__Aim of the exercise__: Your output should be exactly the lines from the one containing "Chevrolet-3100-1955-Black-Black-10" through the final line of the following data, please, with no pictures.

Saved entries
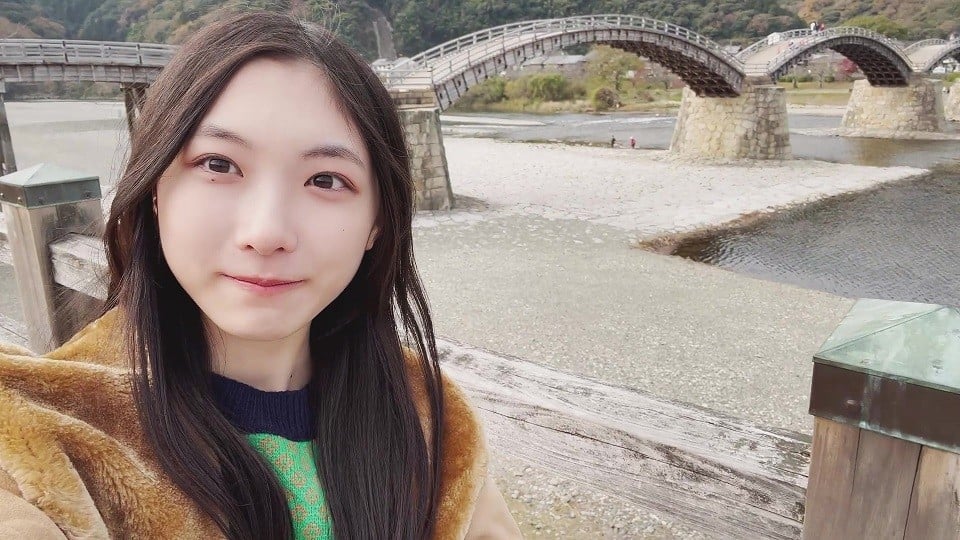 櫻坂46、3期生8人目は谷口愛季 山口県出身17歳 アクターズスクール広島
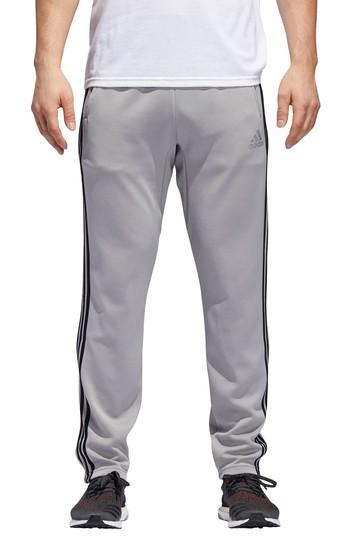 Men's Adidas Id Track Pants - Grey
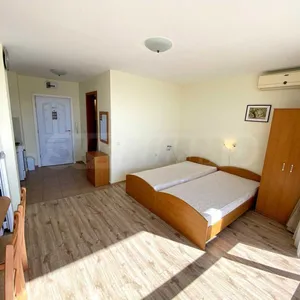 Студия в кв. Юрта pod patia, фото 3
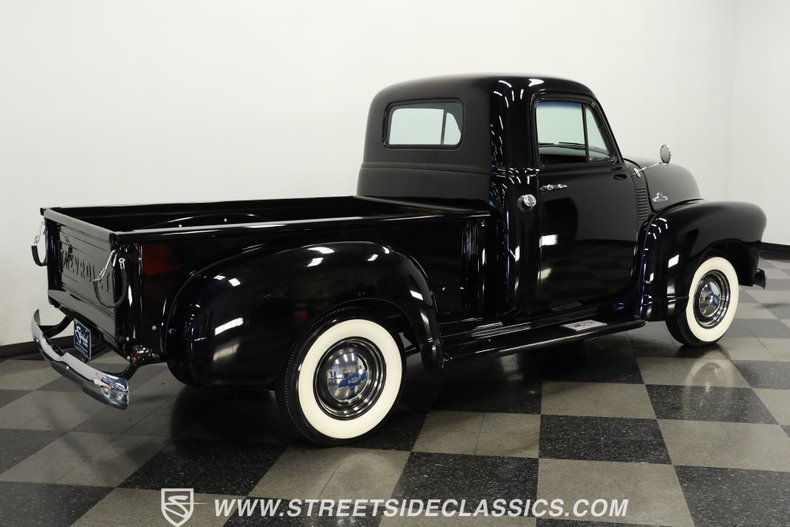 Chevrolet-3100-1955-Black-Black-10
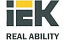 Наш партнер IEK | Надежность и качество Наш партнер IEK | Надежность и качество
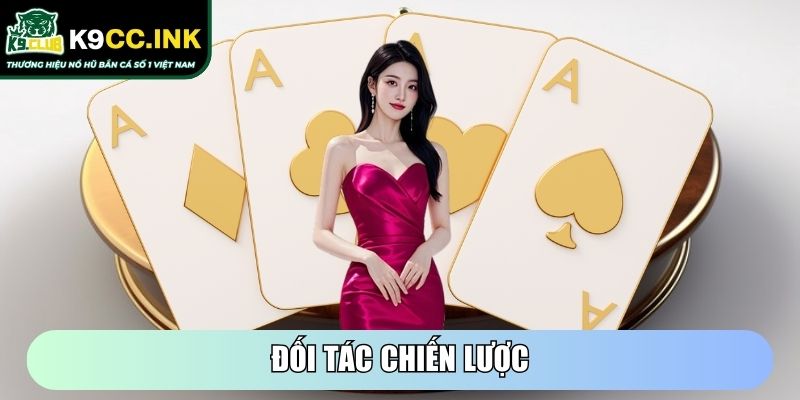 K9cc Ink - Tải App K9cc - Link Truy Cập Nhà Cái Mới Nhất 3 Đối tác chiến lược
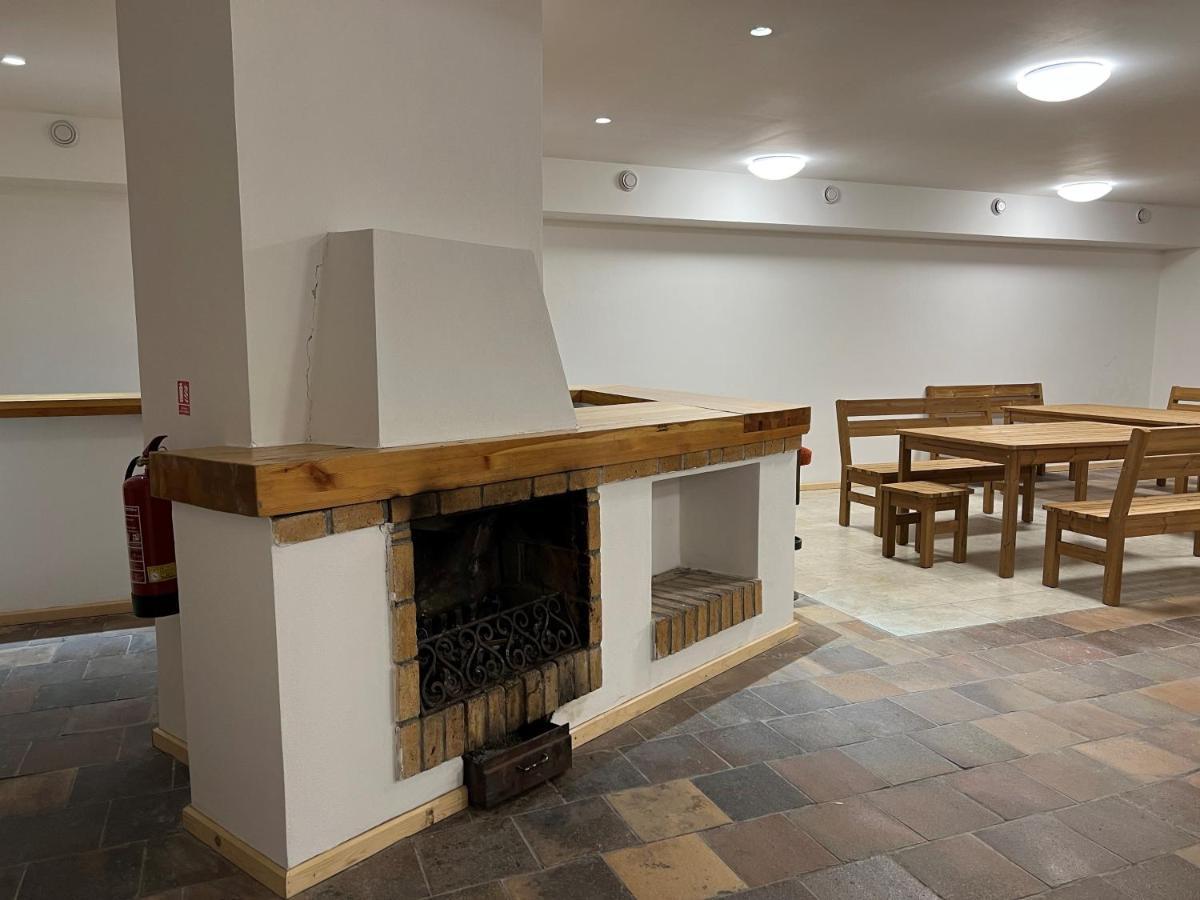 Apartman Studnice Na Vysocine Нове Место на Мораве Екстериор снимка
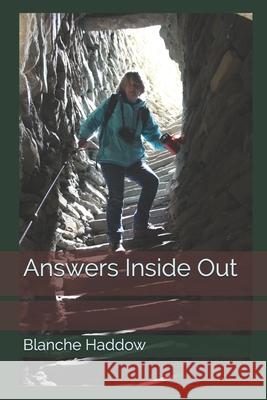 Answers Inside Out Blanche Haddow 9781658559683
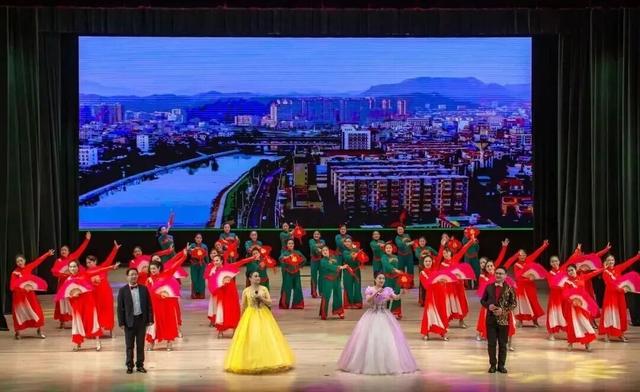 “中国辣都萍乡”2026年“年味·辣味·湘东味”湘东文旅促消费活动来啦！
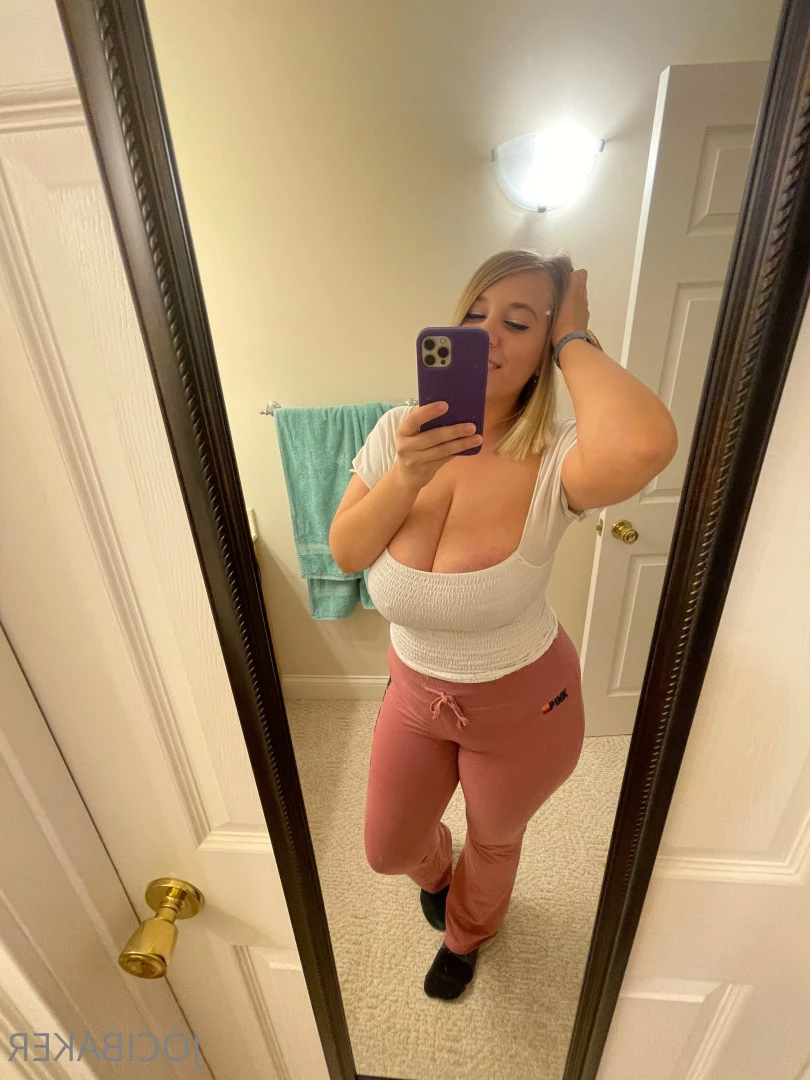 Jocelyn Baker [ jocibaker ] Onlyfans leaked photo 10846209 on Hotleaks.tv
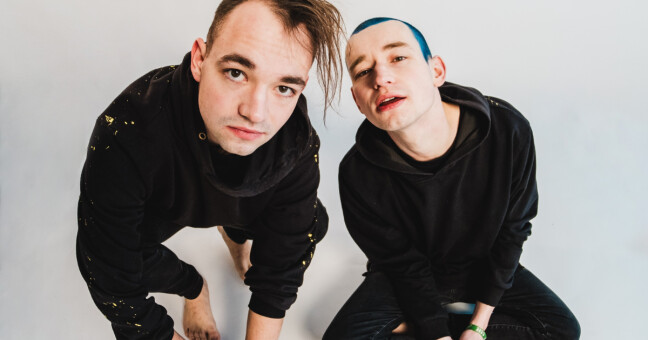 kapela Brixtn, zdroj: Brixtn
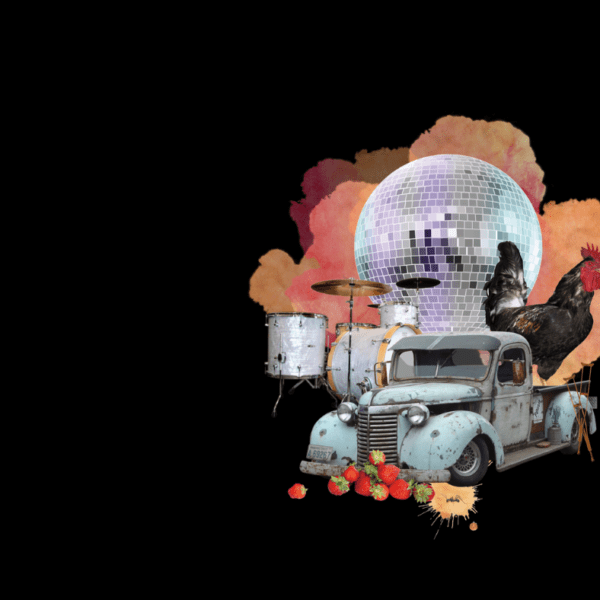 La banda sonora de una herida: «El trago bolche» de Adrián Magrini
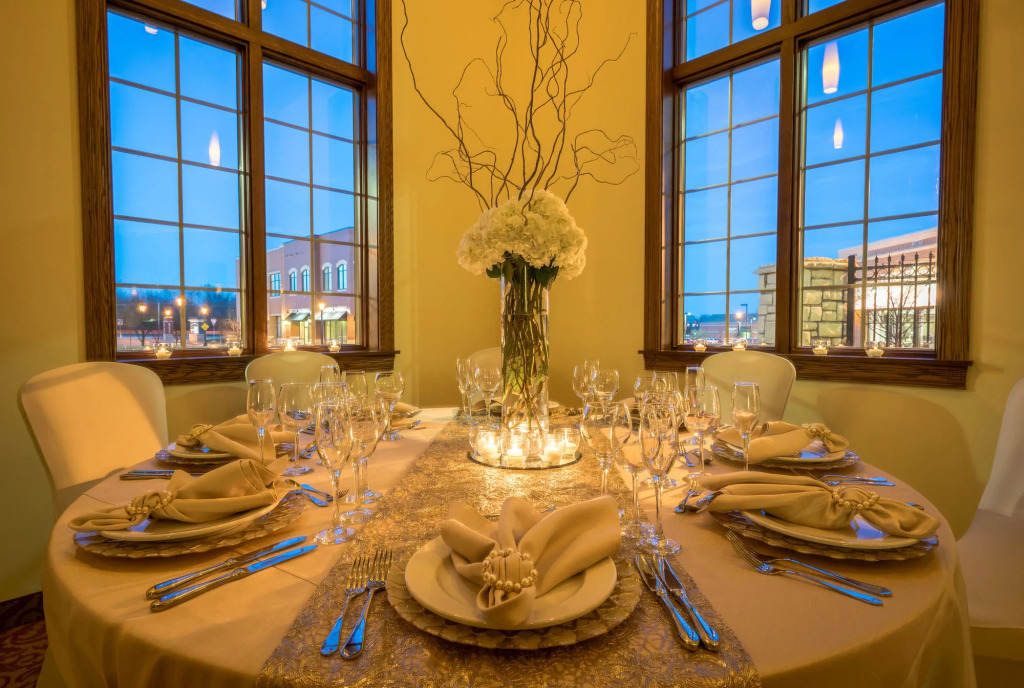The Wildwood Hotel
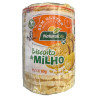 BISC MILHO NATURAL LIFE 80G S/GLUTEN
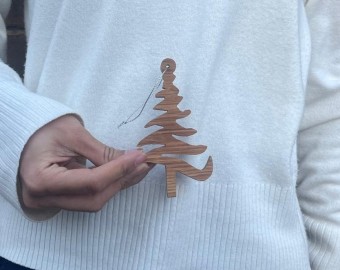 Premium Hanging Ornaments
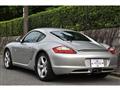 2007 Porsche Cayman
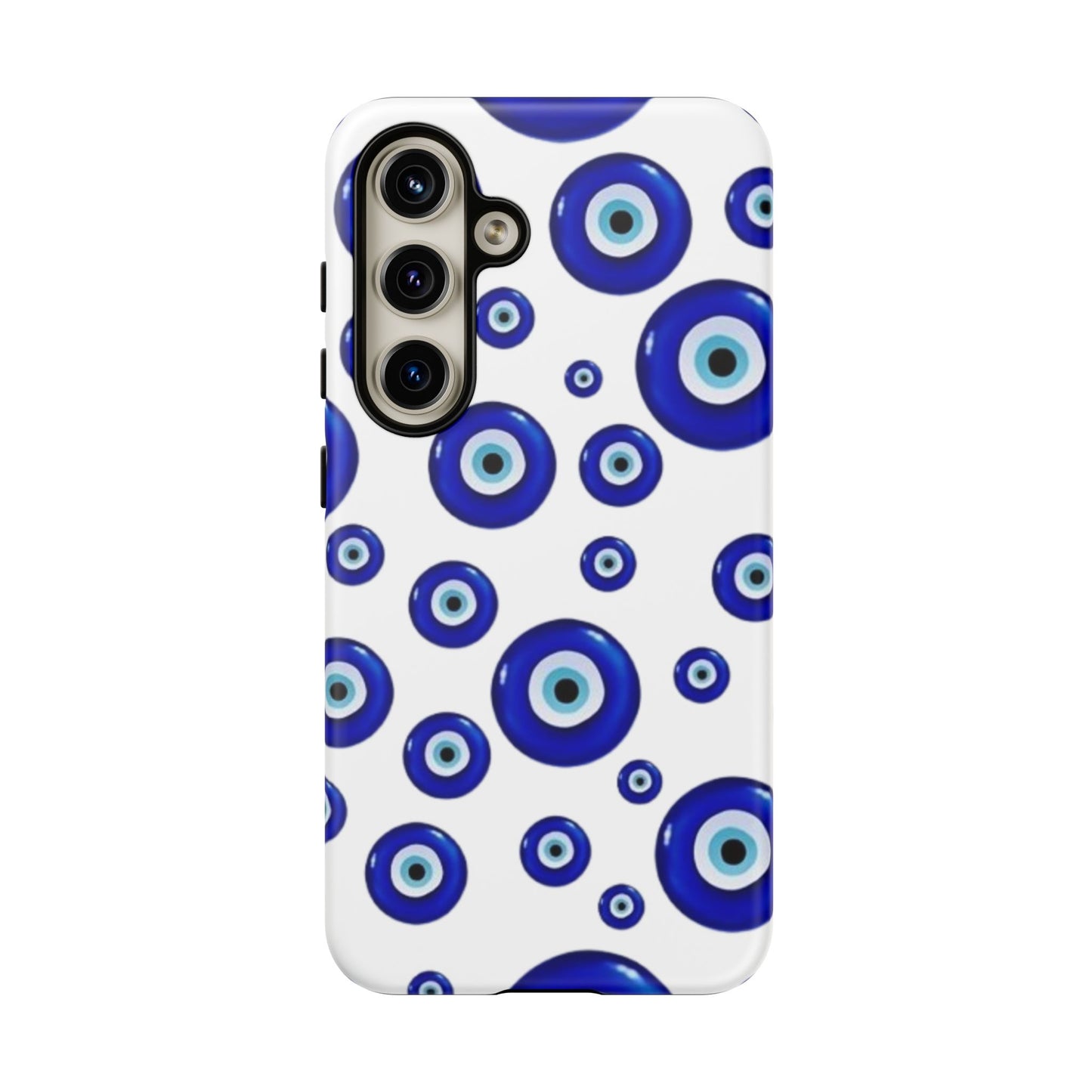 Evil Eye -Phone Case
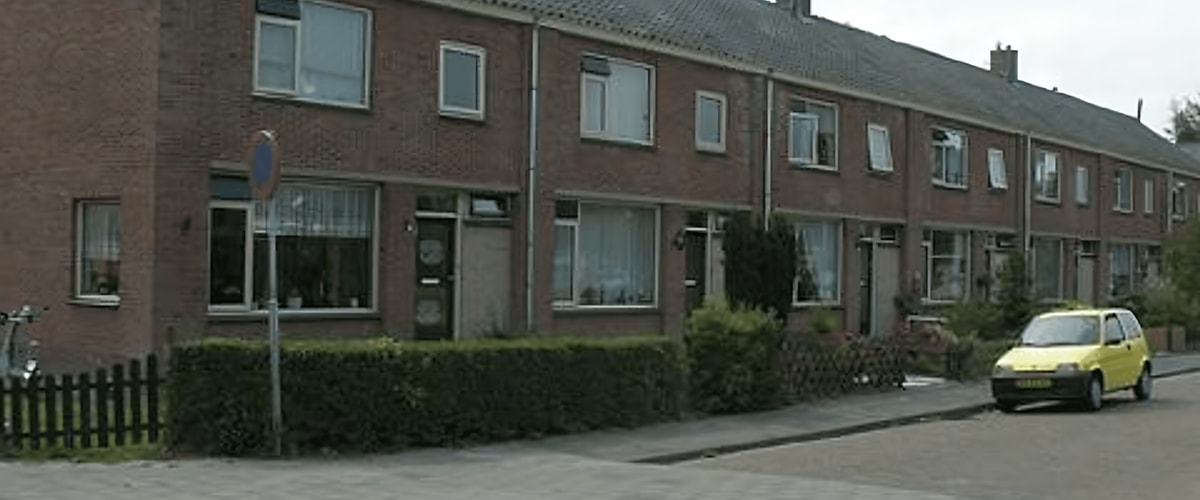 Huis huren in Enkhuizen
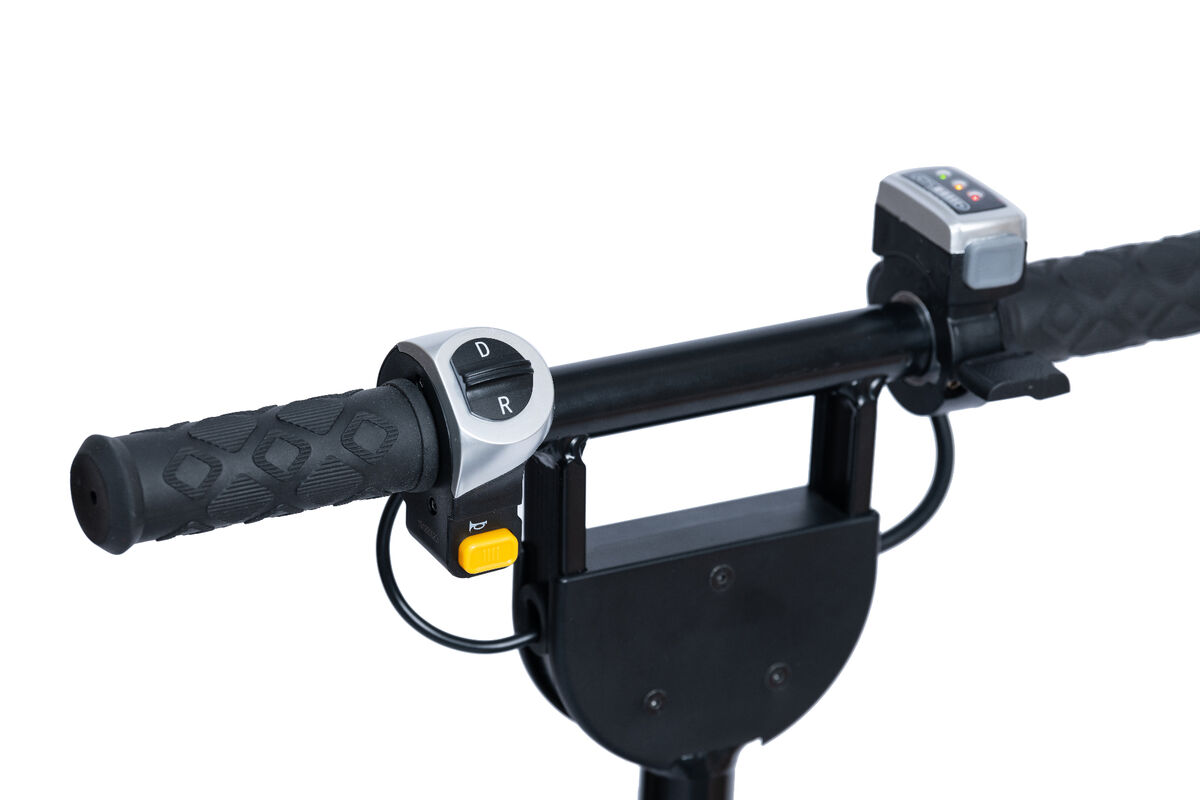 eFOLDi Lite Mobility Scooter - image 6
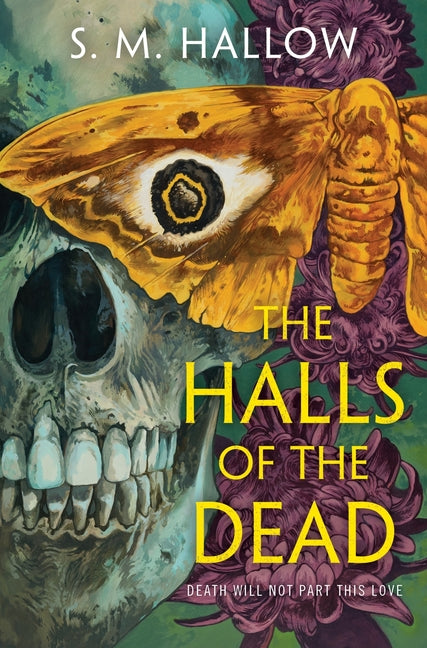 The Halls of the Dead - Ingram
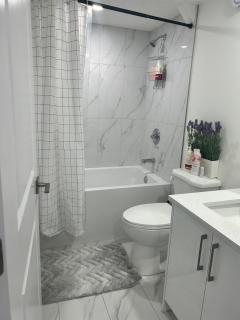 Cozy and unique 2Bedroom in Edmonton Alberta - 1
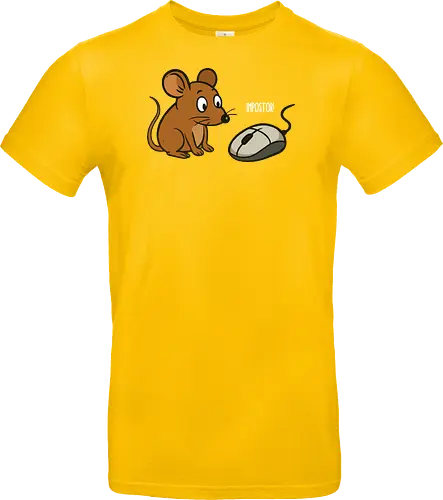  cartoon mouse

__Answer space__:
 Chevrolet-3100-1955-Black-Black-10
 Наш партнер IEK | Надежность и качество Наш партнер IEK | Надежность и качество
 K9cc Ink - Tải App K9cc - Link Truy Cập Nhà Cái Mới Nhất 3 Đối tác chiến lược
 Apartman Studnice Na Vysocine Нове Место на Мораве Екстериор снимка
 Answers Inside Out Blanche Haddow 9781658559683
 “中国辣都萍乡”2026年“年味·辣味·湘东味”湘东文旅促消费活动来啦！
 Jocelyn Baker [ jocibaker ] Onlyfans leaked photo 10846209 on Hotleaks.tv
 kapela Brixtn, zdroj: Brixtn
 La banda sonora de una herida: «El trago bolche» de Adrián Magrini
The Wildwood Hotel
 BISC MILHO NATURAL LIFE 80G S/GLUTEN
 Premium Hanging Ornaments
 2007 Porsche Cayman
 Evil Eye -Phone Case
 Huis huren in Enkhuizen
 eFOLDi Lite Mobility Scooter - image 6
 The Halls of the Dead - Ingram
 Cozy and unique 2Bedroom in Edmonton Alberta - 1
  cartoon mouse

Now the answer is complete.